I think most schools have those horrid class voting things for things like "most popular" "nicest smile" "class clown" etc. I went to Catholic school for 13 years (K - 12th). For those of you who merely think about Brittany Spears in a short plaid skirt or nuns who beat children with yardsticks, you are only partially right. My class size in 8th grade was about 28 kids. These 28 kids were the same 28 kids I saw everyday in from Kindergarten until the last day of 8th grade and most of them again throughout high school.
Catholic school is truly a great social experiment and my experience had flashes of Lord of the Flies pretty consistently. This was lead by that one girl, the "most popular" who had her minions of lemmings who were truly afraid of this person who ultimately upon retrospect had zero self-confidence. I recall receiving my "yearbook" (I put this in quotes because it wasn't really a book more then some paper stapled together) at the end of 8th grade and found myself laughing at the labels my classmates very democratically assigned to themselves via "most popular" "smartest" "most likely to succeed" etc. I was the winner of "Nicest" and "Nicest Eyes" AKA everyone has to get something on this list so Nicest seems like a good label for you.

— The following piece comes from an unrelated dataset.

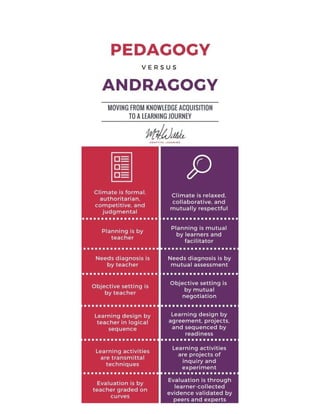 Andragogy vs Pedagogy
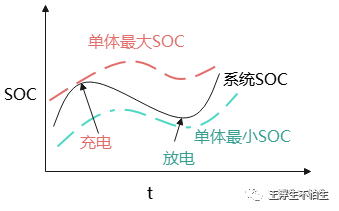 BMS开发课程笔记-SOC估计模块设计w9.jpg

And they were right. I am nice. I'm really nice. I try to live my life by that golden rule Mrs. Maloney in kindergarten always talked about treating others as you would like to be treated. Not everyone plays by those rules, that is quite apparent, but I do. Being nice can be a drag too. I find myself not speaking what's truly on my mind for fear of upsetting another person, hurting their feelings. The problem with the word nice is it's a bunk adjective. People describe other people as nice when they don't have anything else to say. Much akin to, "How are you?" "I'm good thanks." That says nothing. Too bad when describing someone as "nice" you can't have a little video that pops up to demonstrate what you mean, demonstrated examples to bolster one of the most overused adjectives in the English language.
I recently stopped being nice and started speaking honestly. I am a believer in tact and taking the context of a situation into consideration before yapping away, but I'm realizing being nice doesn't truly help anyone. It definitely doesn't help me express what I am truly feeling and thinking to a person and it marginalizes the other person. I'm assuming through observation and emphathy that someone might not like what I have to say and they might not, but at least it will be true and meaningful and convey respect for that other person. The truth can hurt, no doubt about that, but perpetuating nice leads to complacency and stunted growth. Life is too short to simply be nice in all its bland glory.